Transcribe exactly the lines below that begin at the line with "Rose Gold Plated" and stop after the line with "Pescara Poster - Abruzzen", leaving out every picture.

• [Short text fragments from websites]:
.....

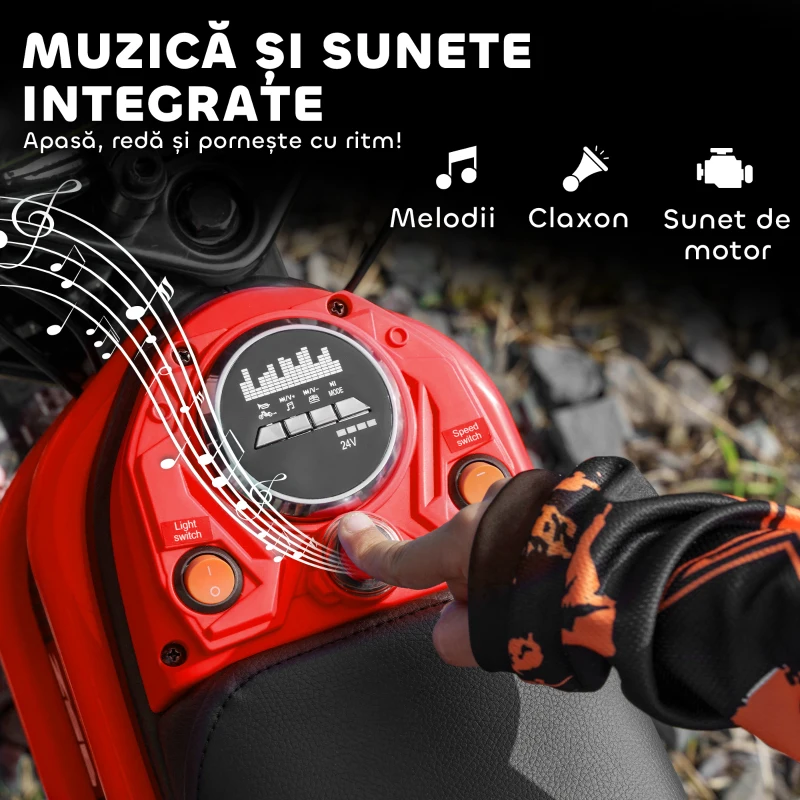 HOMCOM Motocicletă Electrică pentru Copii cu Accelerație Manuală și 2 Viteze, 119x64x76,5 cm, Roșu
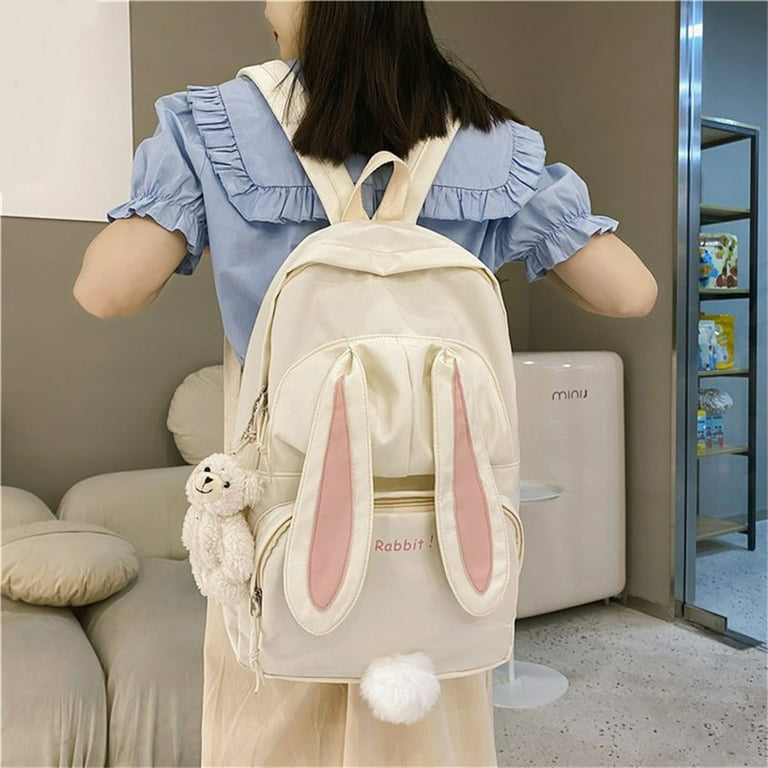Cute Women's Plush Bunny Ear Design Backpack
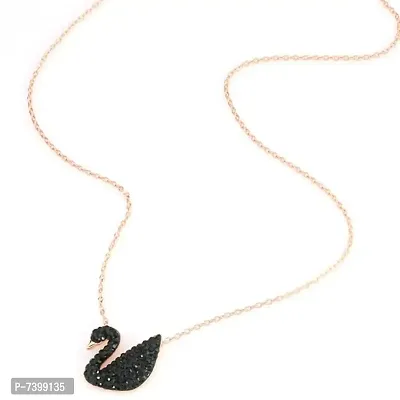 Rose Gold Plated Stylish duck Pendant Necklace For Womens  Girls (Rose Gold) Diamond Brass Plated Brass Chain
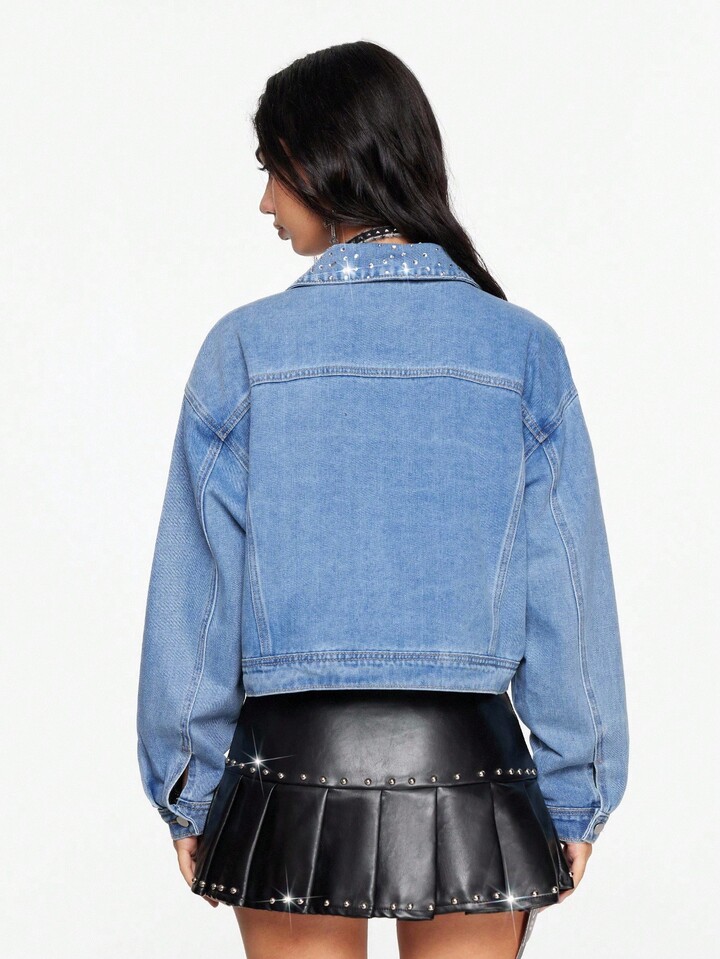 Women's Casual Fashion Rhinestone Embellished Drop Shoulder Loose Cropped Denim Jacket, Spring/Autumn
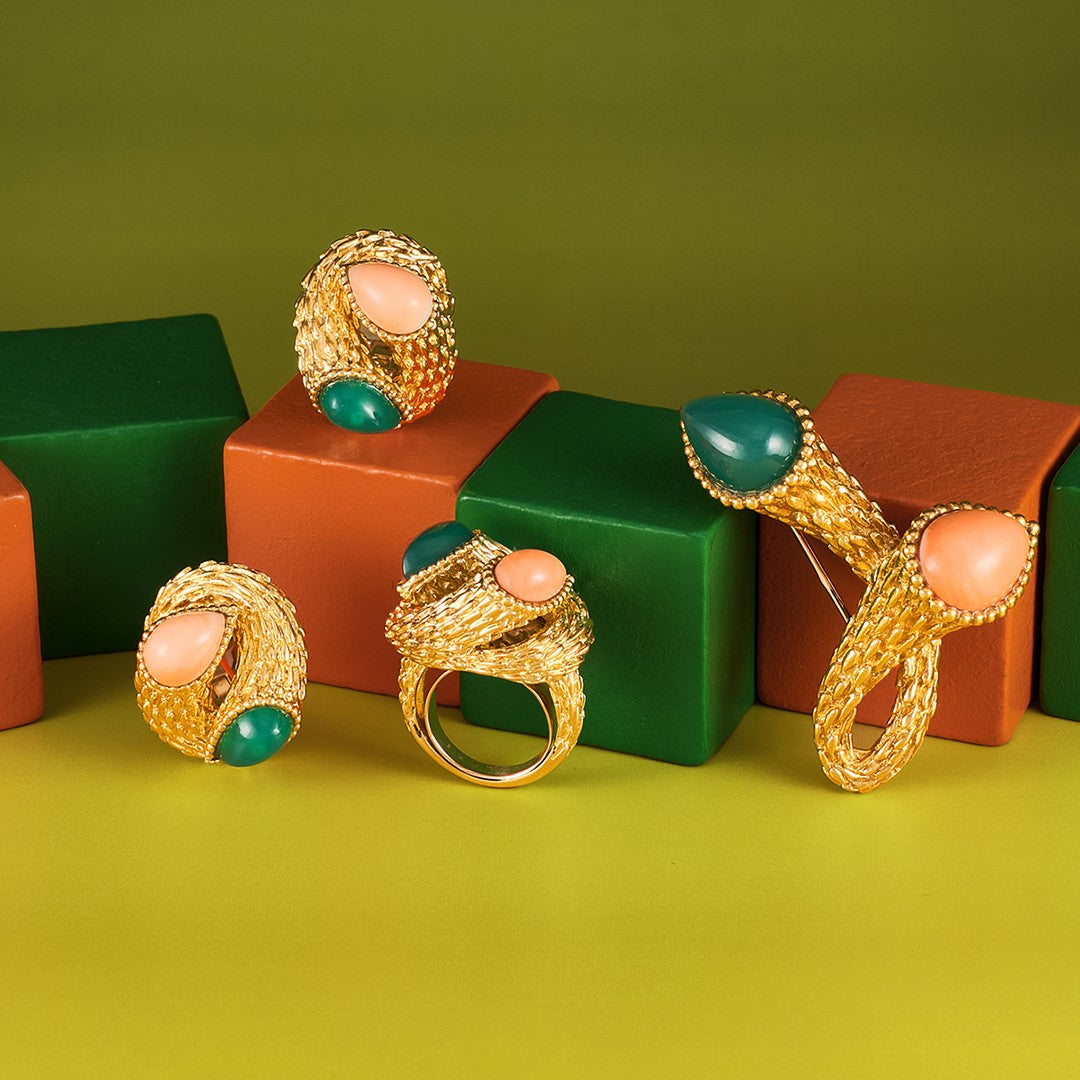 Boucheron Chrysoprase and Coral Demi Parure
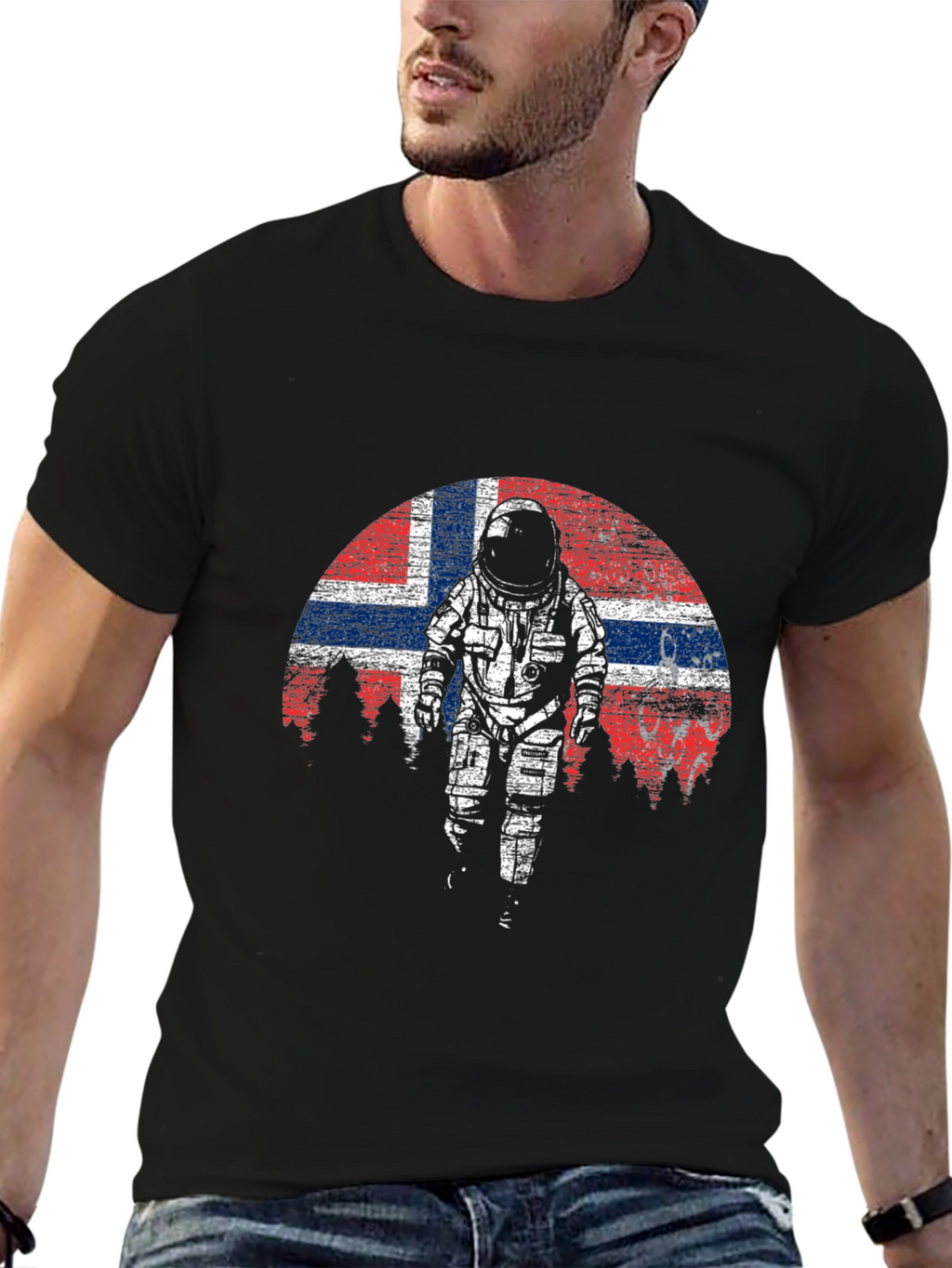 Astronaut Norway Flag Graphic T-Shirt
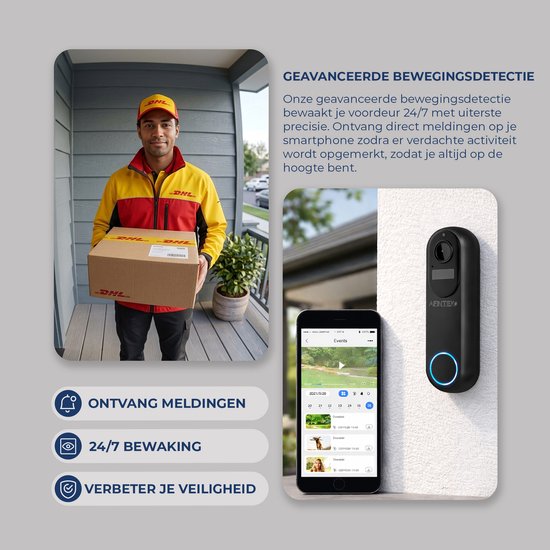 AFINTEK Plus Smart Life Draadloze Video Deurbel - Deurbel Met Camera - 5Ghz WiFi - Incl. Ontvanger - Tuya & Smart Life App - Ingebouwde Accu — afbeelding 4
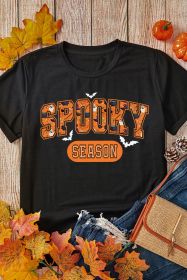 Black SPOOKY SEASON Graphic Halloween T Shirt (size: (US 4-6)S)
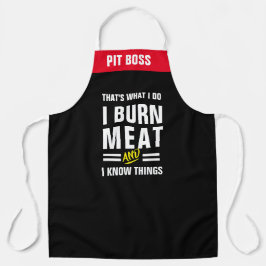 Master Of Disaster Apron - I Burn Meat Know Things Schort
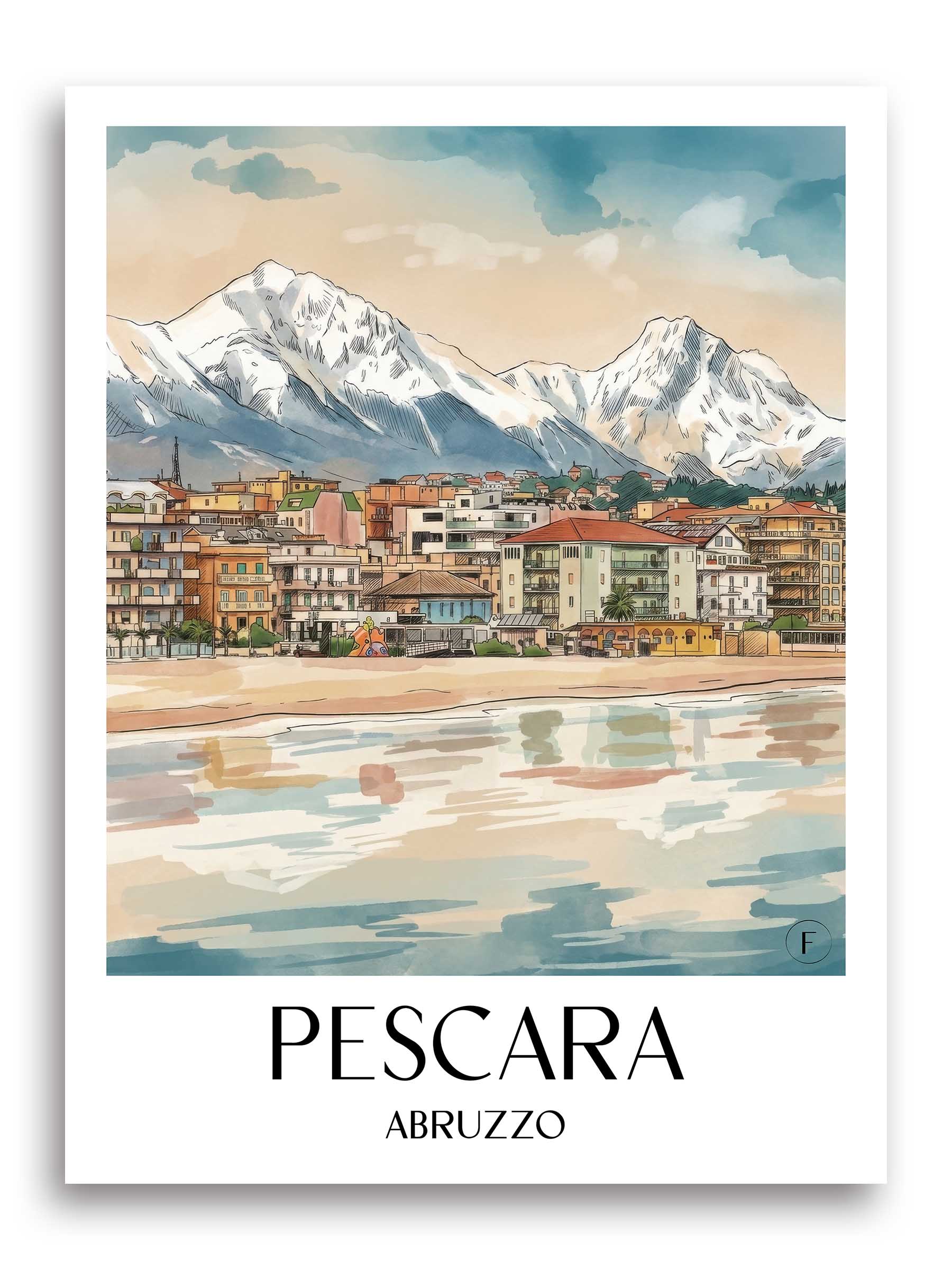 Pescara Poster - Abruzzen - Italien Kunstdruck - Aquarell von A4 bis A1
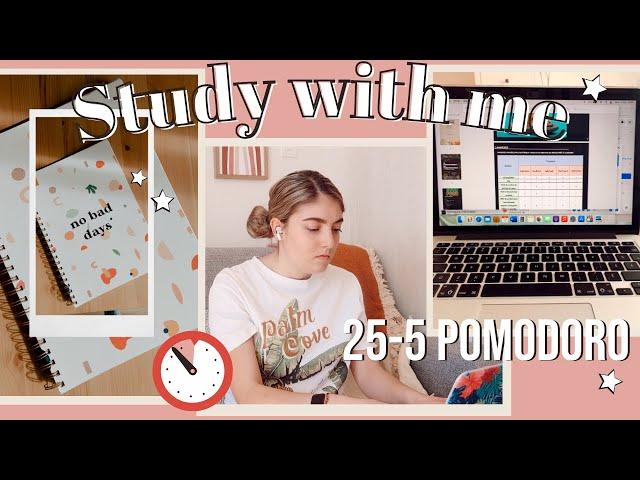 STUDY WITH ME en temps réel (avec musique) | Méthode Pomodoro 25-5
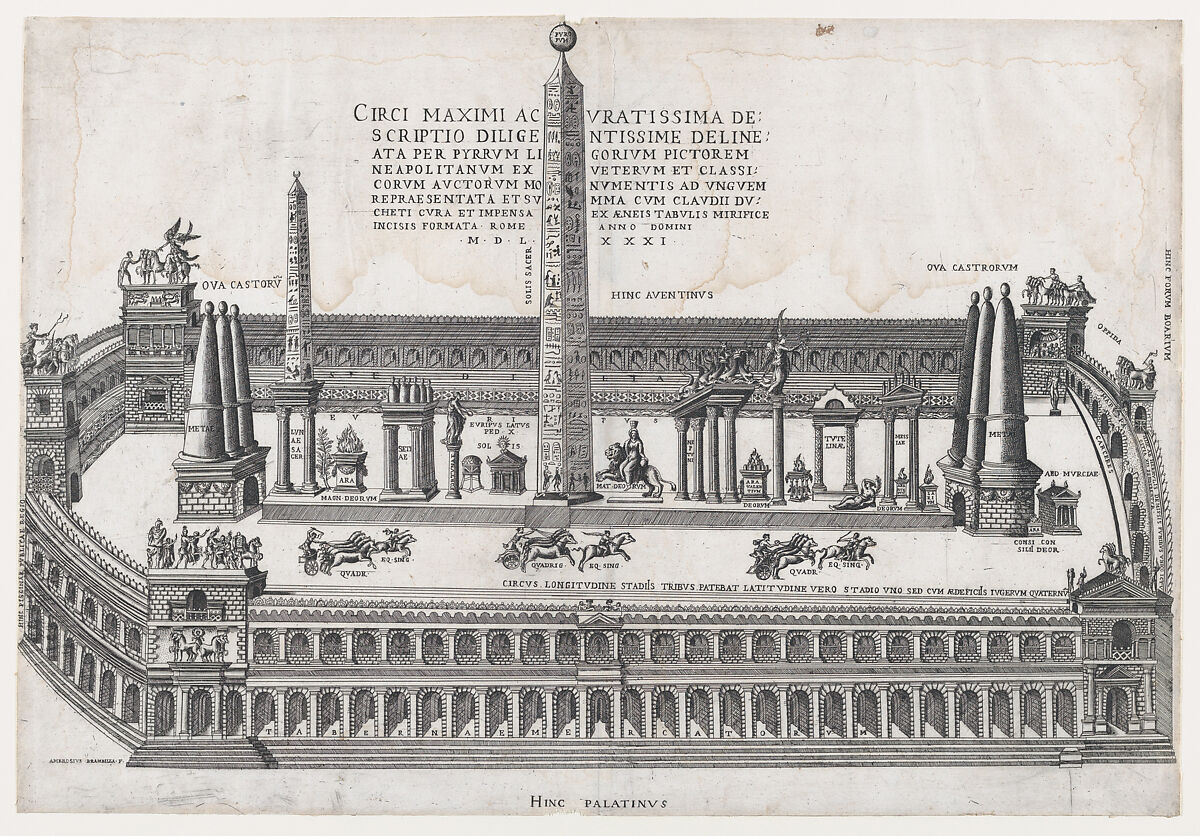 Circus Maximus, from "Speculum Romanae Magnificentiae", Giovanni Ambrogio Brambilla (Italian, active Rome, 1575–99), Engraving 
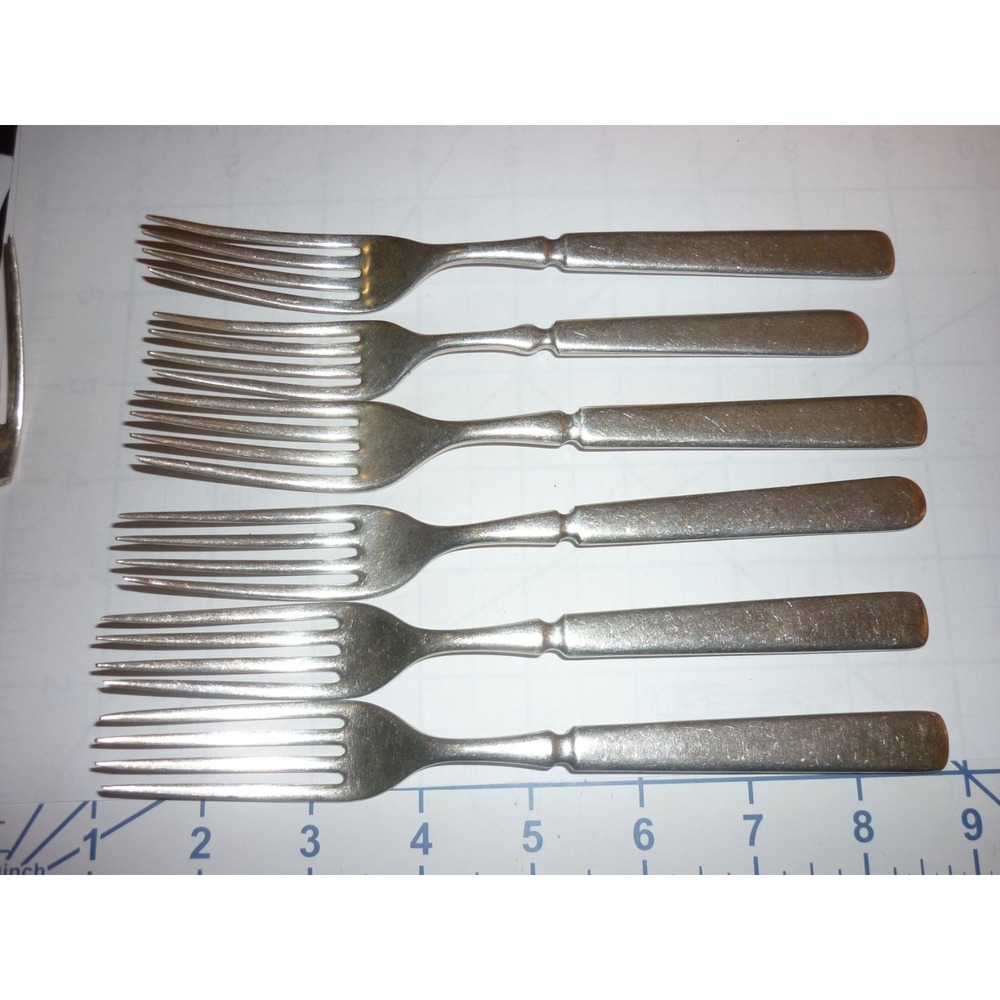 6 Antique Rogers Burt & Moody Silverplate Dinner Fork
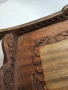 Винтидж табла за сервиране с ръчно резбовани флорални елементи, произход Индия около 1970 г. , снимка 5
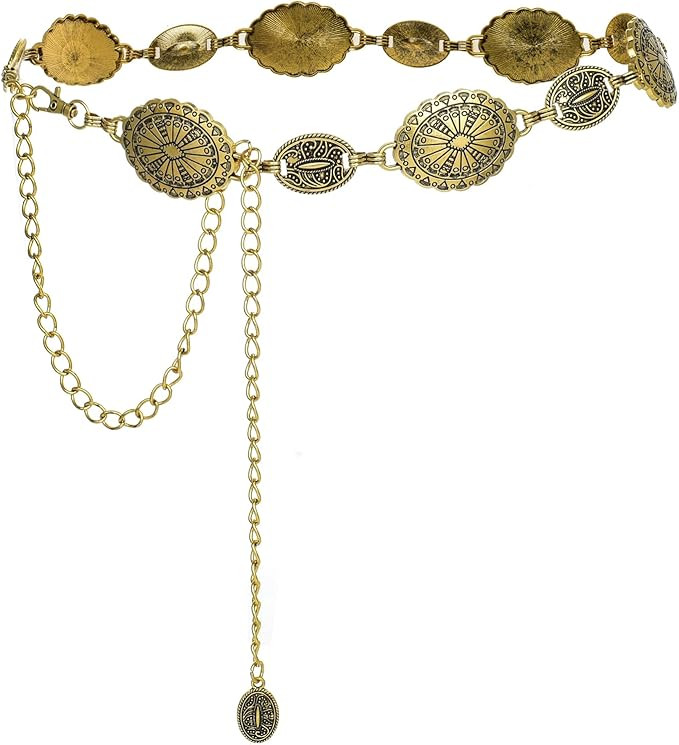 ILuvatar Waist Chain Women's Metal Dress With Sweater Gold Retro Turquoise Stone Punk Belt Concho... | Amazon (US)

.....

• [Reply]:
 Rose Gold Plated Stylish duck Pendant Necklace For Womens  Girls (Rose Gold) Diamond Brass Plated Brass Chain
 Women's Casual Fashion Rhinestone Embellished Drop Shoulder Loose Cropped Denim Jacket, Spring/Autumn
 Boucheron Chrysoprase and Coral Demi Parure
 Astronaut Norway Flag Graphic T-Shirt
 AFINTEK Plus Smart Life Draadloze Video Deurbel - Deurbel Met Camera - 5Ghz WiFi - Incl. Ontvanger - Tuya & Smart Life App - Ingebouwde Accu — afbeelding 4
 Black SPOOKY SEASON Graphic Halloween T Shirt (size: (US 4-6)S)
 Master Of Disaster Apron - I Burn Meat Know Things Schort
 Pescara Poster - Abruzzen - Italien Kunstdruck - Aquarell von A4 bis A1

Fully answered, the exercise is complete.